I told him, “You know, Henry, we have no control over what the department does.”

I started to remind him of our deaclass="underline" Cooperate fully and he would never see the inside of a prison because we would make the extent of his cooperation known to the department. But he stopped me.

“I know what the deal is,” Henry said. “I promised to see this through till the end and I’m keeping my word.”

The “Thanks, Henry” that followed was difficult because I had learned that he had worn a wire against me and another prosecutor during preparation for an earlier trial in order to try and get us on the record making a better deal than the one we had actually made. We had restated our understanding of the deal and Henry thereby got no additional leverage. So it was hard to accept that the ultimate rat was doing the right thing. But that appeared to be the case.

With jury selection out of the way, I would have a chance to tell the panel just what the People planned to prove — a conspiracy involving Henry, the defendant, and another cop to “hit” a known drug location, steal the drugs and money, and divide the proceeds of the crime. I told the jury that they would hear the testimony of a corrupt cop who had agreed to cooperate, and that, most importantly, they would hear “with your own ears” the money being split after the hit — where no drugs were found. This was the core of my case.

Barry underscored the weakness of my position — the ambivalent taped conversation, called a “conspiracy” by the prosecutors, and the failure of the tape to demonstrate that his client had accepted any share of money at all.

No one wins a case during opening arguments. But the stage is set and the jury is given a road map of where it will be going. We all agree that the burden of proof is on the prosecutor to prove each and every element of the crime beyond a reasonable doubt — a heavy burden indeed.

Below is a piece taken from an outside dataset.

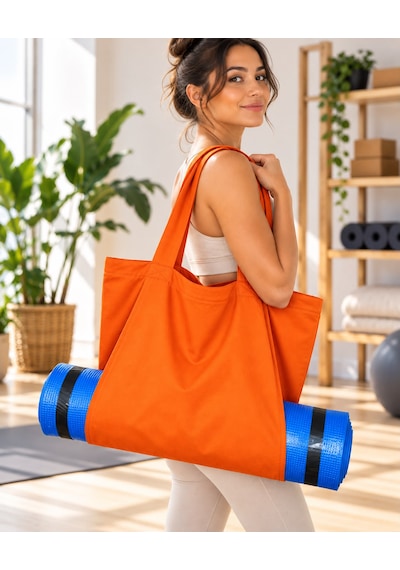Mat Taşıma Çantası Yoga Fitness Silindir Antrenman Çantası - Çantalı Fermuarlı Mat Taşıma Çantası Turuncu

After openings, I began with an Internal Affairs witness who could tell the jury that he met with Henry Winter on the day of the crime, provided him with a fresh tape, and put the appropriate “header” on it — identifying himself and Henry, as well as date, time, and place. Also that soon thereafter, he retrieved the tape from Henry, and that the money was taken from the location. He testified that he vouchered both tape and money and had brought the very same tape and money to court today to be introduced into evidence as People’s exhibits.